As well, there is no fixed term to aggregates licences. They are open-ended with limited to enforcement of regulations, so that pits and quarries typically remain open for decades. Consequently, rehabilitation may not occur for many years if it ever occurs. The loss of food-producing lands and natural heritage features is long-term, if not permanent.

The science of rehabilitation is far from perfect. Removing huge quantities of rock and gravel results in permanent changes to hydrology and soils, and thus to the conditions which support particular crops and plant and animal life. Humans are simply unable to fully recover the agricultural and biodiversity values and ecological functions that are lost when aggregates extraction proceeds. Rehabilitation must not be used to justify aggregates extraction in prime farmland and significant natural features. It is truly disingenuous to term aggregates extraction an ‘interim usage.’

Along with other farm organizations, including the Christian Farmers Federation of Ontario and the Ontario Farmland Trust, we continue to argue that rehabilitation does not and cannot return farmland to its original production levels or capacity.


Along with other farm and environmental organizations, we recommend the following:

  • Farm organizations, not just the aggregate industry, must be involved in consultations and summits regarding proposed changes to the ARA.
  • Agriculture Impact Assessments (AIA) that review the entire agriculture value chain should be required province-wide under the ARA whenever the Provincial Policy Statement requires or recommends rehabilitation back to an agricultural condition.
  • AIAs should also be required for any aggregate operation proposed on any class of land next to prime agricultural land in order to assess, avoid, minimize, and mitigate impacts to neighbouring agricultural operations.
  • The province must ensure protection of environment, groundwater, surface water, and agricultural resources for new licences plus any and all amendments to existing licences.
  • AIAs must assess the impact of developments on both the quantity and the quality of agricultural lands of all classes.
  • With respect to public consultation, we support Canadian Environmental Law Association’s recommendation that “The provincial government should immediately develop and consult Ontarians on appropriate ARA changes that decrease aggregate demand, strengthen MNRF powers to protect the environment, and improve rehabilitation rates through better enforcement, as described in the 2017 ECO report.”
  • Municipalities must be allowed to set more stringent restrictions on aggregate removal in order to address local concerns and issues.


Pesticides Management Act

In 2015, when the issue of neonicotinoids was first coming to the forefront, the NFU-O recommended a moratorium until such time as independent scientific studies on the effects of neonicotinoids on honeybees, wild pollinators, and other species (including humans) could be completed with the results made public before any moratorium was lifted.

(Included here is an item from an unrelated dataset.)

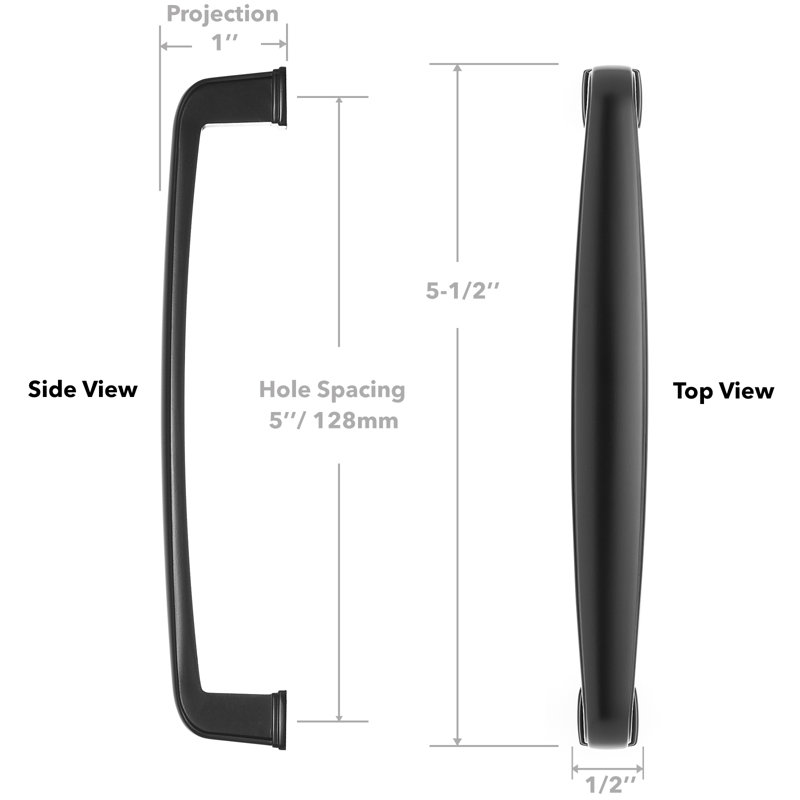 5" Center Cabinet Handle Pull Multipack, Matte Black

Since then, Health Canada’s Pesticide Management Regulatory Agency has done further investigation and reviewed all available studies on the three neonicotinoids sold in Canada, and has recommended a 5-year phase out for virtually all outdoor agricultural uses. This is due to the evidence of severe impacts on aquatic ecosystems and birds. (See

Prior to Ontario’s restrictions coming in, it was very difficult for farmers to consistently find untreated seed, forcing them to add neonicotinoids to their farm ecosystems even if they didn’t have a pest problem. The restrictions made it necessary for seed dealers to at least offer untreated seed.

Given the large public outcry against neonicotinoids and ongoing concerns of the public regarding pollinator health, we, as farmers, want to ensure that there are standards to adhere to that are enforced. Farmers cannot rely on self-monitoring to retain the public trust. Therefore, we do not support reducing the current requirements for testing fields for the need for neonicotinoid use or the reduction of oversight by the province.


  • OMAFRA needs to provide more publicly funded extension services to assist farmers in assessing the need for treated seed.
  • Information needs to be available to farmers on what alternatives are available if monitoring indicates low or no risk but pests are a problem after planting.
  • Documentary proof should be easy for farmers to fill out, and they should have access to support by phone or in-person at no cost to help fill out documentary proof.
  • Current field requirements for testing for the need for neonicotinoid use should not be reduced.

We trust that our recommendations will be duly considered and acted upon by the Ontario government as it continues to consider changes to current legislation.